A focus on “collaboration” means highlighting and interrogating the various ways in which partnerships impact the study of communication. Communication research is not done in a vacuum, and the individuals and groups with whom we partner to complete our work inform and enhance our scholarship. Collaborators can include undergraduate and graduate students, administrators or staff members on our campuses, colleagues from other colleges and universities, scholars from other disciplines, members of community groups, and individuals from local businesses or nonprofit organizations. Collaboration takes place along a spectrum of involvement and may include the roles of co-author, research assistant, interviewee, or editorial reviewer, to name but a few.
A focus on “engagement” means featuring the various ways in which we engage communities external to the academy in research, creative activities, teaching, consulting, and service. Communication scholarship lends itself to engagement because it frequently demands a bridging of theory and practice. Engaged scholarship can take myriad forms, including publicly engaged instruction, community-based research, work that contributes to public debates, academic service learning, and research that addresses critical societal issues.

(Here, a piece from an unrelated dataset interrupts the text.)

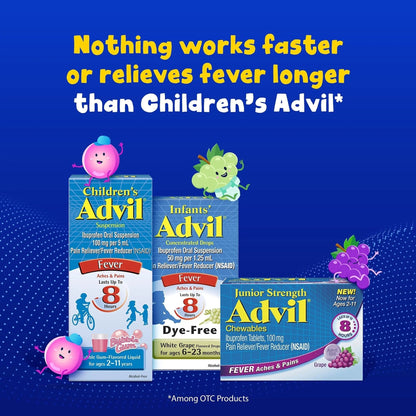 Children's Advil Pain Reliever and Fever Reducer, Dye Free and Sugar Free Ibuprofen Oral Suspension, Berry Flavored - 4 Fl Oz - Maple Wellness Supplements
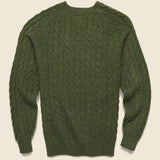 Shaggy Cable Crew Sweater - Olive - BEAMS+ - STAG Provisions - Tops - Sweater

Papers, panel proposals, and workshops will be considered for conference presentation according to the following guidelines:
Send your submissions to one of the following divisions as appropriate:
RHETORICAL THEORY & CRITICISM
Submissions regarding the theory and practice of rhetoric in diverse artifacts, practices and traditions, or intersections with legal, political, historical, religious, gendered, philosophical, ethnic, poetic, and environmental contexts will be considered. Send submissions to: Brenda DeVore Marshall Linfield College firstname.lastname@example.org
INSTRUCTIONAL AND FORENSICS DIVISION
This division encourages scholarship concerning educational practices in communication including classroom communication and the practice of competitive speech and debate. Papers that explore practices in teaching communication or participation in forensics are welcomed. Panels which present G.I.F.T.S – Great Ideas for Teaching Speech – are especially encouraged.Send submissions to: Craig Rickett Spokane Falls Community College Craig.Rickett@sfcc.spokane.edu
INTERPERSONAL & COMMUNICATION THEORY
Submissions to this division should describe human interpersonal communication, or explore, develop, test, critique and/or refine one or more of the many theories of human communication. Theoretical essays and empirical research papers using any accepted qualitative or quantitative methodology will be considered.
Send submissions to: Heather Robinson Eastern Washington University email@example.com
MEDIA AND CULTURAL STUDIES
This division encourages scholarship addressing issues related to mass media, intercultural communication, popular culture, diversity and multiculturalism, and mediated persuasive campaigns. Essays and panels proposals that address topics related to media and cultural studies are also encouraged.
Send submissions to: Molly Mayhead Western Oregon University firstname.lastname@example.org
ORGANIZATIONAL & TECHNICAL COMMUNICATION
Submissions that explore organizational contexts and technical communication will be considered in this division. Organization and technical communication topics may include group or management communication, public relations, crisis response, investigations of how people communicate about technical topics, organizational criticism, and research that explores how we use technology to communicate.